▶ **Stored dataset items**

################

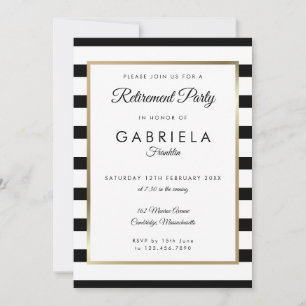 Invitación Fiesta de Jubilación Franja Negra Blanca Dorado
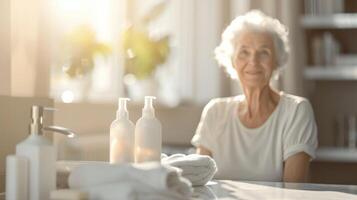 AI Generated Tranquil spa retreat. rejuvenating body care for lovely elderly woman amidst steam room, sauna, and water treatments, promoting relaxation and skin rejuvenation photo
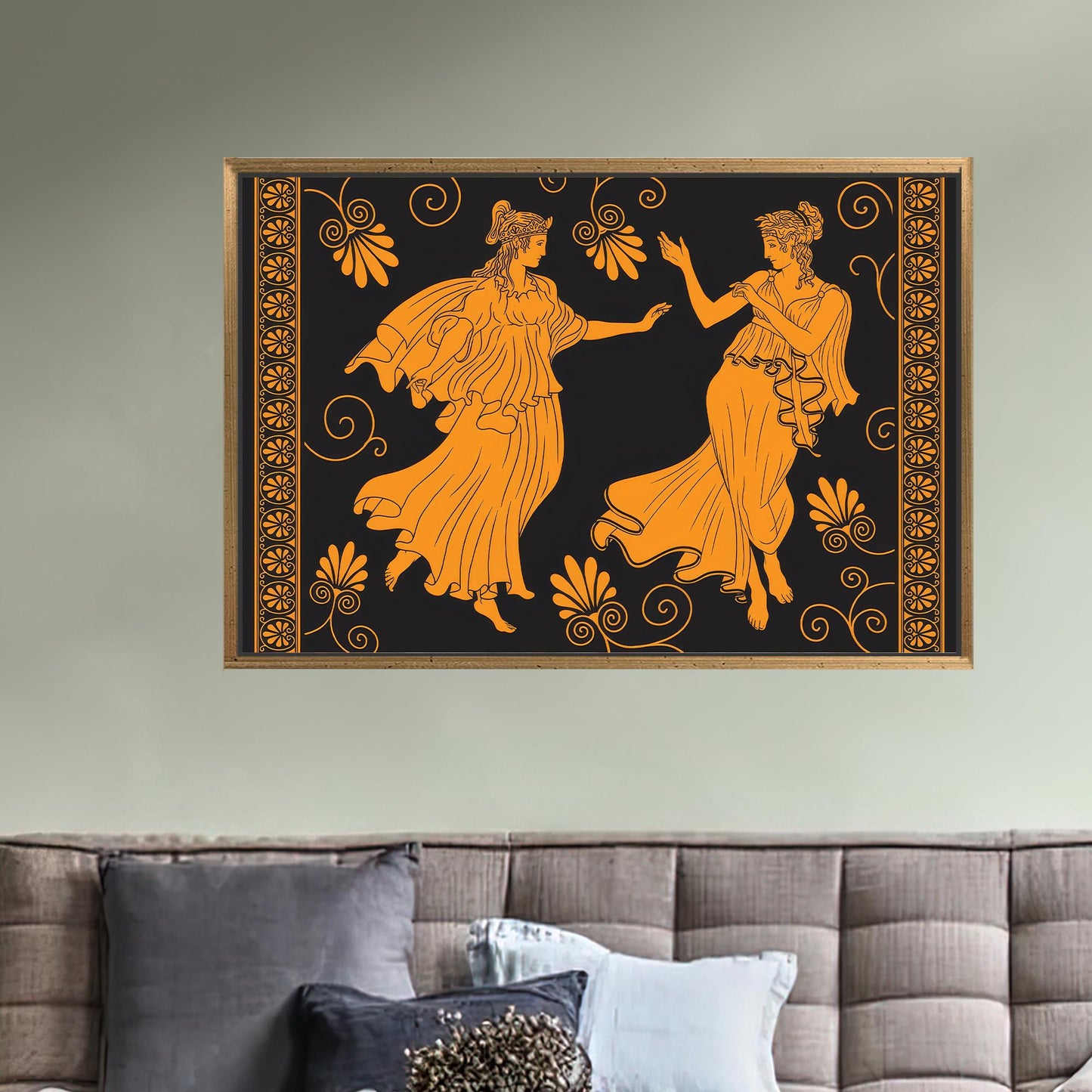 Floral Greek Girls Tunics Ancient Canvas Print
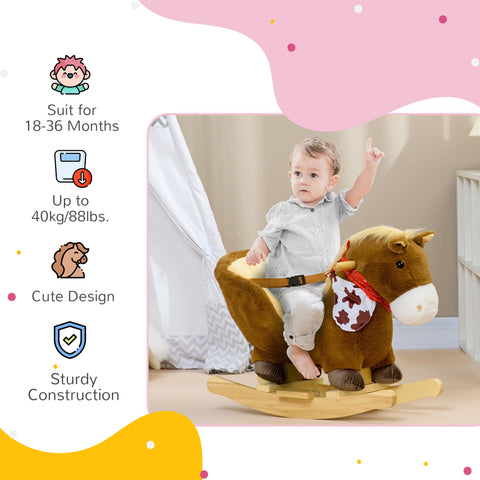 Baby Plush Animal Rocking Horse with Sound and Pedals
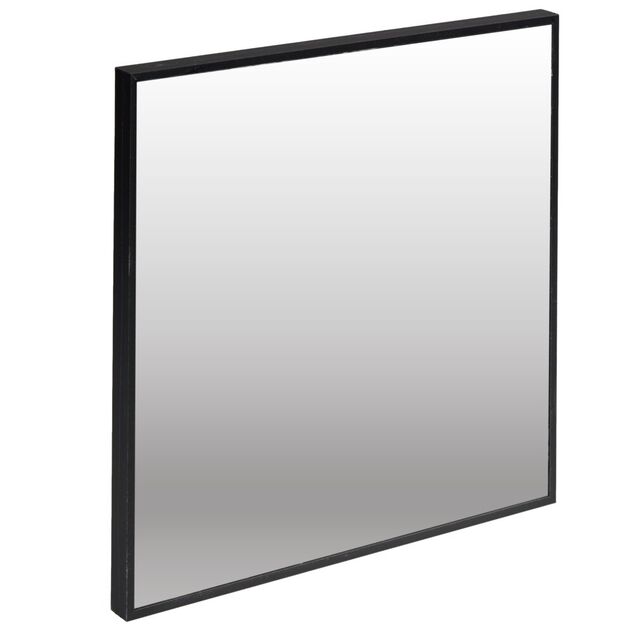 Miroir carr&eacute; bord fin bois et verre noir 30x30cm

################

▶ **TASK STATEMENT**
Repeat all of the entries above exactly. Keep pictures out of it.

▶ **ANSWER SECTION**
 Invitación Fiesta de Jubilación Franja Negra Blanca Dorado
 AI Generated Tranquil spa retreat. rejuvenating body care for lovely elderly woman amidst steam room, sauna, and water treatments, promoting relaxation and skin rejuvenation photo
 Floral Greek Girls Tunics Ancient Canvas Print
 Baby Plush Animal Rocking Horse with Sound and Pedals
 Miroir carr&eacute; bord fin bois et verre noir 30x30cm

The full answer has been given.